On most webpages, metadata consists of tags that help other websites and applications understand what it is about. For example, here is an example from Yelp of my favorite taqueria, Los Dos Amigos. A website that simply lists the address without any metadata might say, “the restaurant is in San Mateo over on B Street.” To make the restaurant more easier to be found and read by machines and people, Yelp translates that data into metadata for location: “San Mateo” and “Downtown.”

Yelp also collects and organizes other metadata including city, type of cuisine and cost. There is also a combination of user-generated content (such as the Yelp user ratings) and machine-generated content (the city name is clearly taken from Google Maps.)

Here’s what metadata looks like in the educational hip hop videos produced by Flocabulary.

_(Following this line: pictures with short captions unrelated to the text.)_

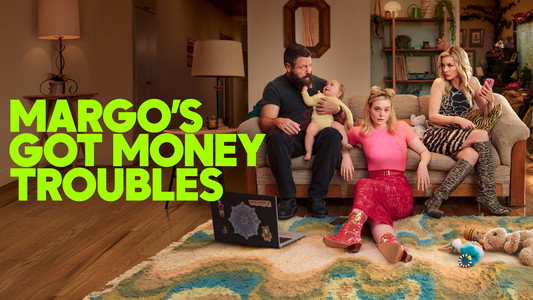 Margo's Got Money Troubles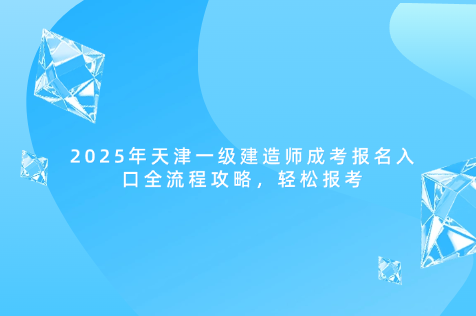 2025年天津一级建造师成考报名入口全流程攻略，轻松报考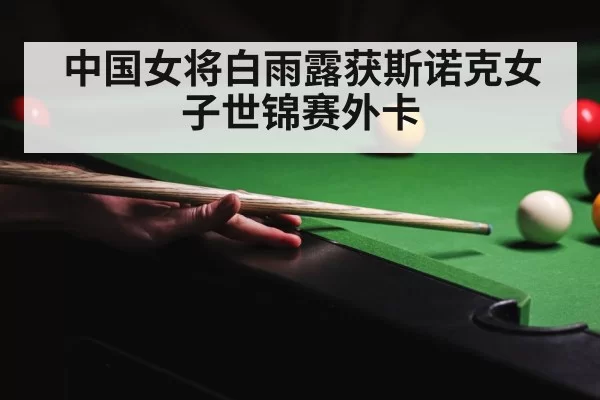 中国女将白雨露获斯诺克女子世锦赛外卡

Flocabulary publishes metadata for topics, grades, Common Core alignment and other information the company believes to be relevant for users. (As an example, for any time a human or a computer is looking for CCSS Literacy RL.4.3, Flocabulary’s metadata is showing exactly which videos are aligned to that standard.) In the future, it could also add metadata on effectiveness and user ratings.

The more comprehensive the metadata on a resource, the easier it is for other tools and services to find it, provided they have access. Teachers, too, can also quickly find resources that best fit the different learning styles, needs and levels of each student. Therefore, metadata offers enormous potential for online learning resources to be accessible through personalized learning platforms emerging today.

Metadata’s Meta-Problems

But metadata also poses problems, namely: Who is responsible for creating and maintaining it? Hiring experts is expensive, volunteer experts are typically too busy to go through and classify. But if tagging is open to anyone, it opens the door for inaccurate data. Furthermore, tags can quickly become outdated; metadata added to educational resources a couple of years ago would need to be updated for many of the new state standards that have emerged in states like Indiana, Georgia and Florida. An additional problem is the instructions on how to add metadata to websites on www.schema.org by definition contain HTML, which is not the normal language among curriclum specialists.

As an example of what human-generated tags cannot do, it is highly unlikely users of an online learning resource will be able to consistently add accurate tags for standard alignment, or the different kinds of accessibility needs for special-ed learners. However, there are types of metadata that lend themselves well to classification by crowdsourcing, such as if advertisements are acceptable or not.

Some publishers and companies have turned to crowdsourcing metadata—essentially asking teachers to “add tags.” One example is OER Commons.

Amazon is considering this approach with Amazon Inspire, a repository that allows teachers to upload, manage, share, and discover resources in a way that resembles Amazon’s reviewing and purchasing systems. The platform will make the content searchable by assigning metadata tags organized by the Learning Registry, a federal effort to aggregate data around how digital resources are created and used.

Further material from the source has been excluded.